DATA EXTRACT:
- Opening Delimiter -

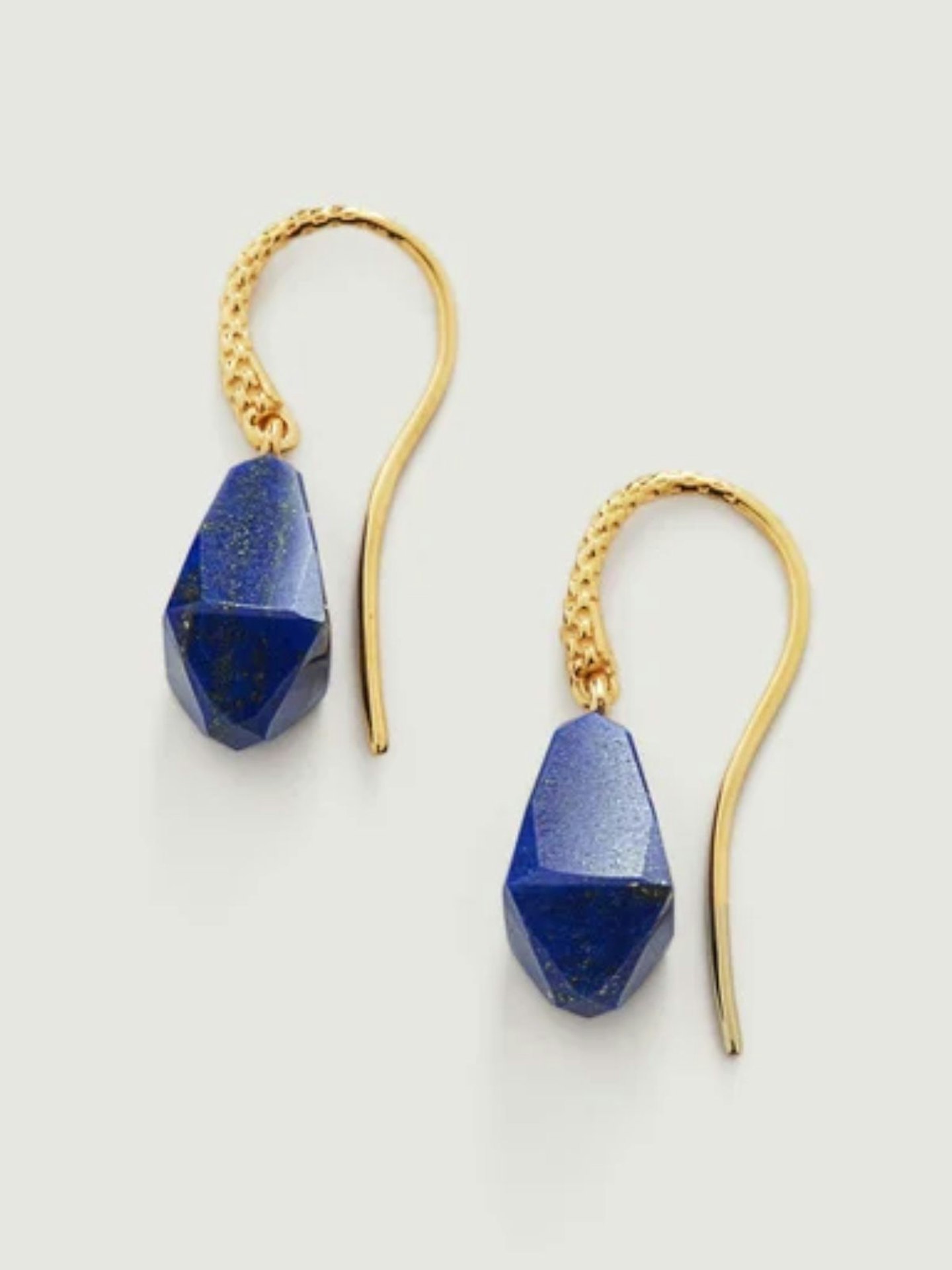 Monica Vinader, Geometric Gemstone Wire Earrings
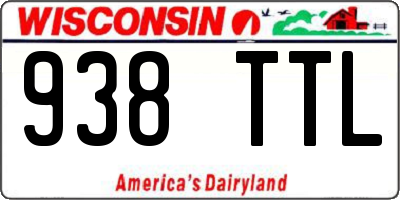 WI license plate 938TTL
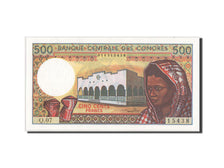 Banconote, Comore, 500 Francs, 1994, KM:10b, FDS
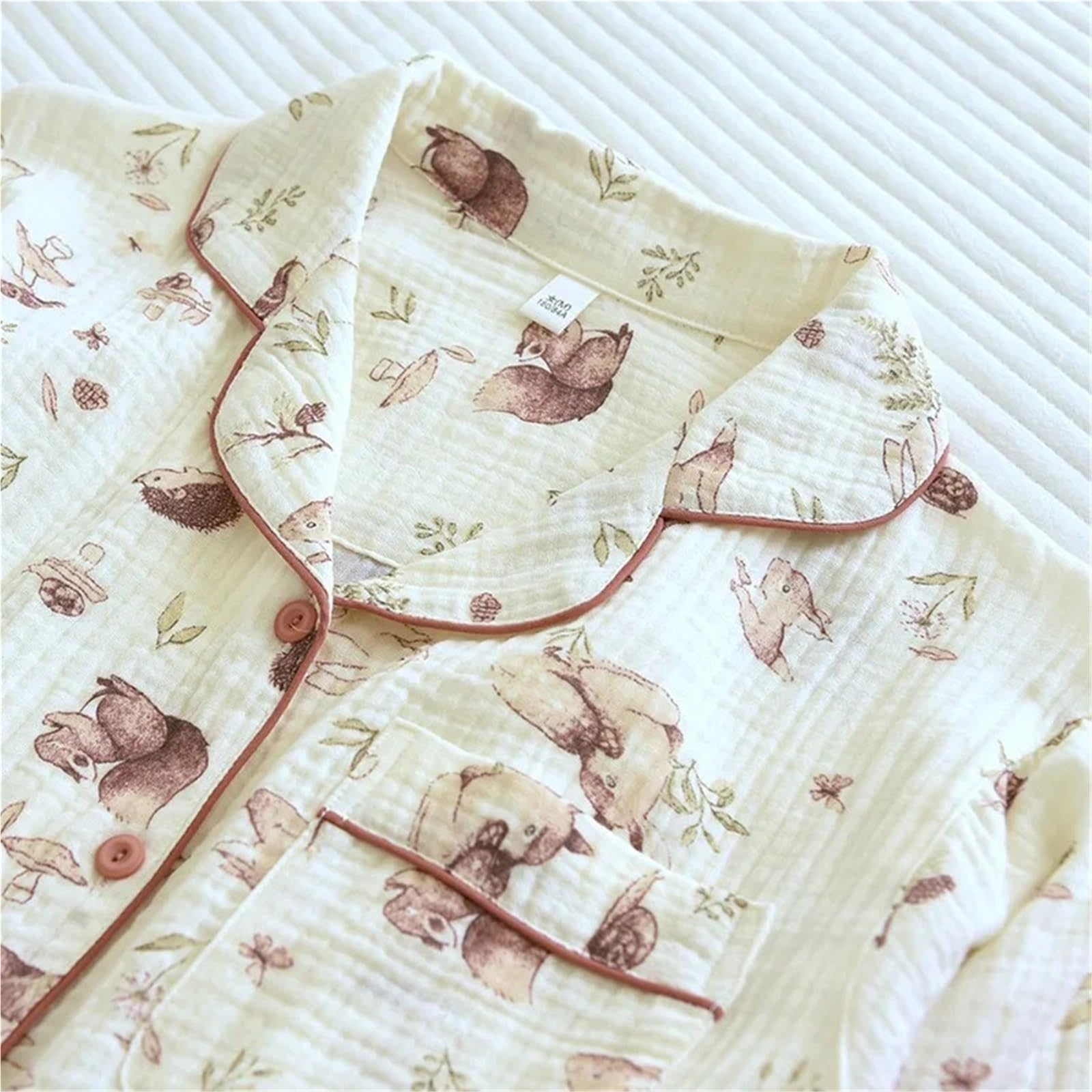 Winter Women's Plus Size Pajamas, Animal Jungle Print Pajamas Loungewear, Soft Cotton Ankle-Length Sleepwear, Casual(1,XXL)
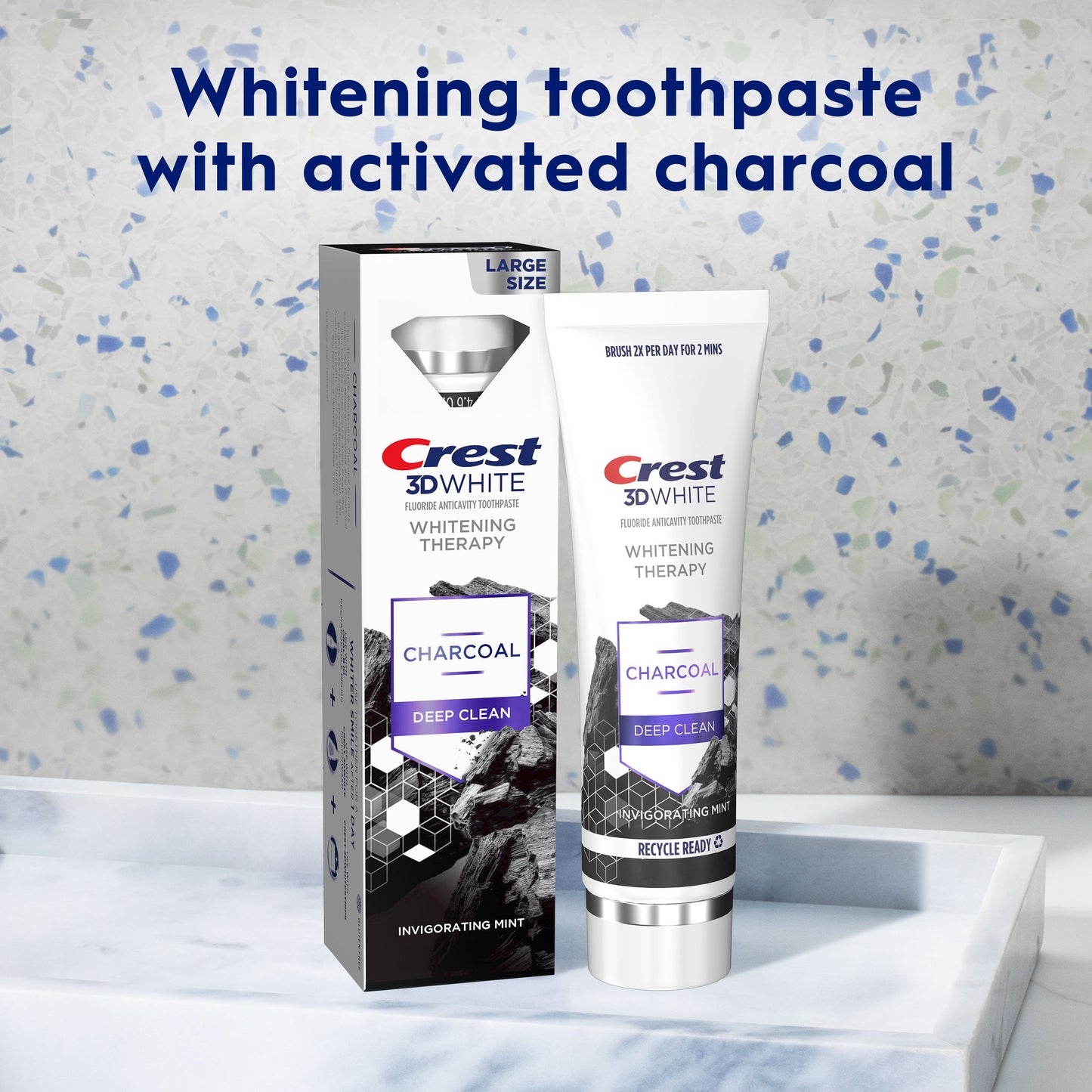Crest 3D White Whitening Therapy Charcoal Toothpaste - Deep Clean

- Closing Delimiter -

WHAT IS NEEDED:
Copy, without the pictures, exactly the lines from the line with "Banconote, Comore, 500" through the end of the material above, both ends included.

WRITTEN SOLUTION:
 Banconote, Comore, 500 Francs, 1994, KM:10b, FDS
 Winter Women's Plus Size Pajamas, Animal Jungle Print Pajamas Loungewear, Soft Cotton Ankle-Length Sleepwear, Casual(1,XXL)
Crest 3D White Whitening Therapy Charcoal Toothpaste - Deep Clean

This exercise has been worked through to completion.